BRIEF.
Retype, word for word, every line from the one holding "左手に桜の木と畑がある広い道路の写真" through the one holding "TV led mock" in the entries below, both included, and only those lines.

DATA SHOWN.
------------------------------------------------------------------------
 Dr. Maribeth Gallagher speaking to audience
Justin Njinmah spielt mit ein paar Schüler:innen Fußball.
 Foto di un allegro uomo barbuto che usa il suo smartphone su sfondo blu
------------------------------------------------------------------------
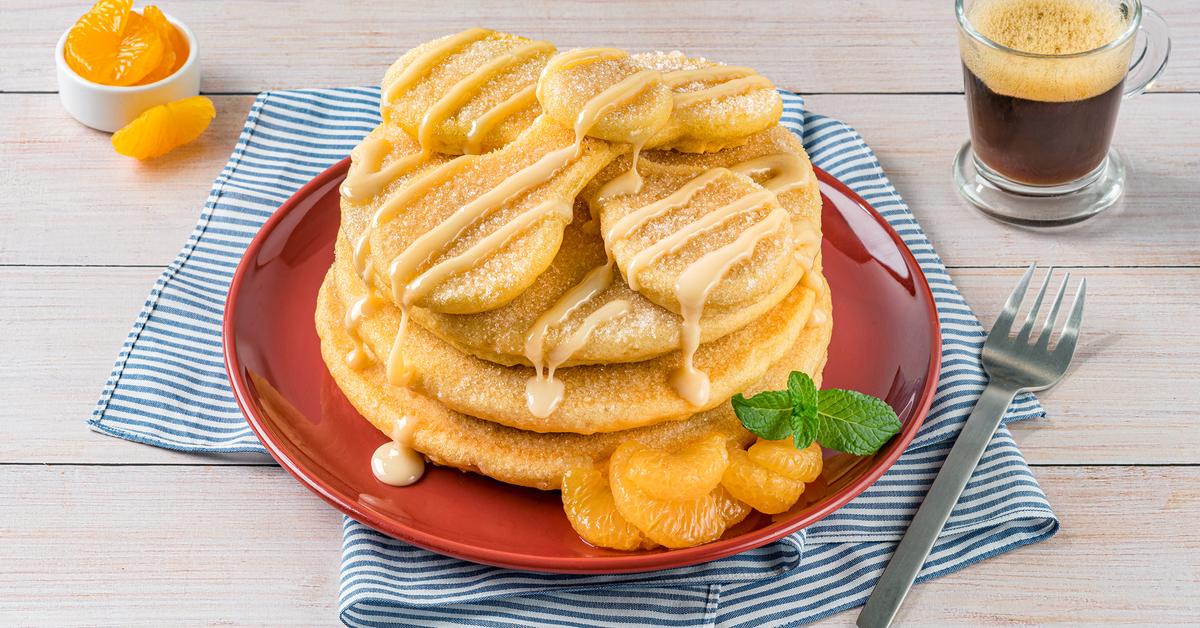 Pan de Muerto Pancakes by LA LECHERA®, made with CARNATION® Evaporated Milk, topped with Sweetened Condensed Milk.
------------------------------------------------------------------------
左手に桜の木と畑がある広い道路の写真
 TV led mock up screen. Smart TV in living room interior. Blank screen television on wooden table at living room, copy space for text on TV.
------------------------------------------------------------------------
COMPLETED TASK.
左手に桜の木と畑がある広い道路の写真
 TV led mock up screen. Smart TV in living room interior. Blank screen television on wooden table at living room, copy space for text on TV.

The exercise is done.